All of the big hotel chains use the same plastic key cards that are credit card sized, they are durable and can be reused many times but also cheap enough to not fret over them if a customer forgets to return it before leaving. As a former aircraft maintainer myself, I don’t personally think it would be an issue if Boeing or its contractor ordered a bunch of standard hotel card blanks for seal testing, but if they were meant to use that as their test device it should be documented , there should be a part number for that card and authorized suppliers, and there should be a specific procedure to follow when using them. The article mentions the lack of documentation, so this was probably an unauthorized improvisation on the fly. I doubt these were being used to measure a specific tolerance, this case was probably something stupid like “the cabin pressurization check failed after we replaced the door, let’s poke a card along the seal to find where the gap is and squeeze extra sealant in that spot.” My specialty was avionics though, so I will admit I don’t really know much about the pressurization checks and seals, I was always at the plane for some other work whenever I encountered them.

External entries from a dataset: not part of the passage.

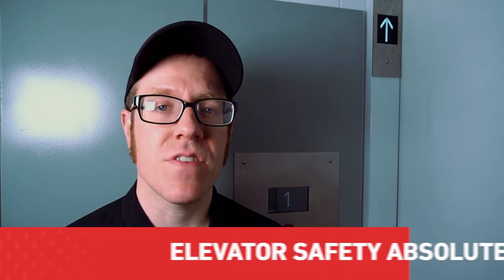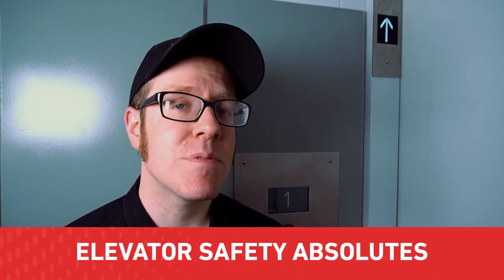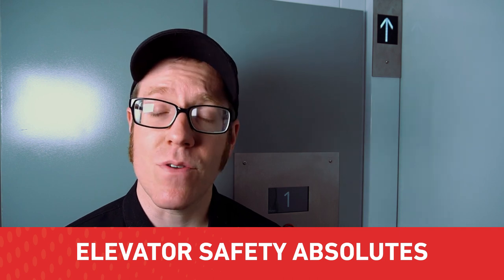Hey everyone, this is David from Wyrtec coming at you from inside Wyrtec's Lula Elevator. In honor of National Safety Month, I'm discussing each of the elevator safety absolutes. These are nine time-tested principles used by professionals in our industry to stay safe on the job. Today's focus is on pit access.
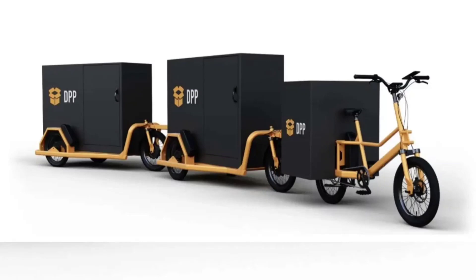Pelican Cycles, the brains behind this innovation, offer flexible buying options — from renting to purchasing. This accessibility is crucial for small business owners and even individuals who require heavy lifting within the city limits.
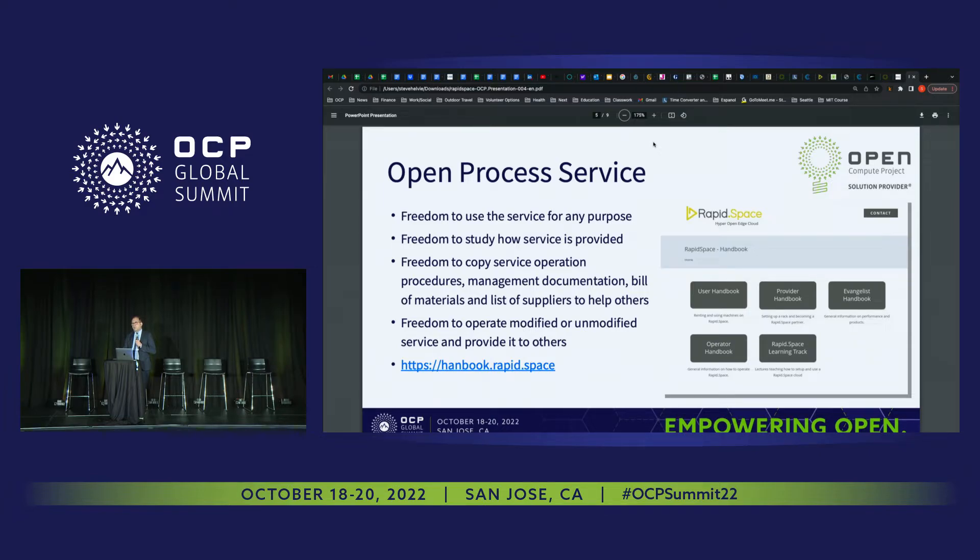RapidSpace Cloud — everything we do — is provided as an open process service. We share all our operation processes for anybody to copy us. We have a twin company in China that has already copied us, and this is how we can deliver our service in mainland China despite the fact that it is forbidden for foreigners to operate cloud there. With open process service, we can.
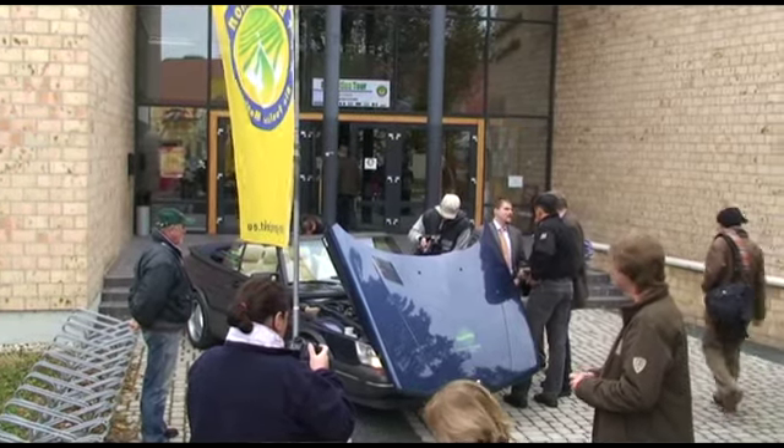It's an old Saab 900 cabrio, it's a '92. It's a turbocharged 2 litre petrol engine, which is ideal for using with ethanol.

I fully agree with you, the keycard itself isn’t the main issue, the lack of documentation and standardization is.
I read the article as if it said that the workers at the floor had a bunch of random keycards they used for fit testing.
If it was standardized on specific keycard blanks I would have zero issued with it.
I’d suspect neoprene not silicone, for door-seals of aircraft.
the Dawn I’ve no problem with.
The checking-fit with hotel-keycards I have one HELL of a problem with.
It’s an aircraft: tolerances should be specified, and should be made to fit those tolerances.
It’s umpteen tens-of-degrees below freezing outside, when you’re at cruising-altitude, so you’ve got a pressure-vessel ( the fuselage of the aircraft ), AND you’ve got a termperature-differential, AND you’ve got metal-fatigue ( or composite-aging/accumulating-cracks-in-its-reinforcement-fibers ), and tolerances are supposed to be engineered, not “oh, it seems to fit” bullshit.
Anyone who cares about such things, please read some in-depth stuff on aviation crashes.
There are youtube channels devoted to going through things, and I found out about a jetliner losing its tail because of 3 bolts that were the wrong steel, on one of those channels, but the written stuff packs more knowledge per hour of study…
Jan Roskam, aircraft-designer, has one book on it, old, but important, subtitle is “The Devil Is In The Details”.
The Lessons From The Sky series has info on near-accidents, and you’ll note they are more human-centered than the sometimes technical-as-hell items in Roskam’s book…
When one discovers that a jetliner can kill everyone aboard, when it’s being used for short island hops ( Hawaii ), and that means it’s getting many more pressurization/depressurization cycles than the engineers intended, or that salt-spray in the air can corrode an airframe enough to cause catastrophic failure, or that a single failed cotter-pin can remove the controls from a homebuilt while in-flight ( another source )…
“The Devil Is In The Details” is the most-true subtitle I’ve ever seen in any book.
seems saner to me, than the jackassery that Boeing has been doing, since McDonnell Douglass did a reverse-takeover from the inside, after their merger.
Bottom-line “leads” the company, my ass: it’s sunk Boeing.